Comme pour la preuve de la vérité, l'auteur supporte, s'agissant de la preuve de la bonne foi, le fardeau de la preuve, la charge de la preuve et le risque de la preuve (A. MACALUSO / L. MOREILLON / N. QUELOZ, op. cit., n. 40 ad art. 173).

3.2.5. Les motifs justificatifs de la partie générale du Code pénal priment sur l'art. 173 ch. 2 CP (ATF 123 IV 97 consid. 2c/aa ; arrêt du Tribunal fédéral 6B_698/2012 du 18 janvier 2013, consid. 3.3).

Conformément à l'art. 14 CP, quiconque agit comme la loi l'ordonne ou l'autorise se comporte de manière licite, même si l'acte est punissable en vertu du code pénal ou d'une autre loi. 

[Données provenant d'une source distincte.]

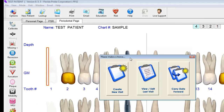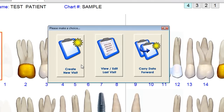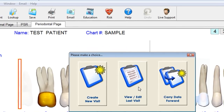Our three choices on this dialogue are to create a new visit from scratch, view their previous charts — maybe print them out or email them to the insurance company — or carry data forward from a past visit. For a re-care visit where we want to save time, we're only going to enter pocket depth and bleeding data, but it allows us to bring data over such as furcation, mobility, and recession. For this demo, let's just look at their previous chart.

L'art. 14 CP peut, dans certaines hypothèses, exclure la culpabilité en cas d'atteinte à l'honneur. La jurisprudence admet que les déclarations attentatoires à l'honneur émanant de parties à un procès et de leurs avocats puissent être justifiées par le droit d'alléguer en procédure et les obligations y relatives consacrés par la Constitution et les lois, respectivement par un devoir de fonction. En d'autres termes, le devoir procédural d'alléguer les faits constitue un devoir de s'exprimer selon l'art. 14 CP ; une partie (et son avocat) peut ainsi invoquer cette disposition à la condition de s'être exprimée de bonne foi, de s'être limitée aux déclarations nécessaires et pertinentes et d'avoir présenté comme telles de simples suppositions (ATF 135 IV 177 consid. 4 ; 131 IV 154 consid. 1.3.1 in JdT 2007 IV 3 ; arrêt du Tribunal fédéral 6B_575/2015 du 27 avril 2016 consid. 3.1).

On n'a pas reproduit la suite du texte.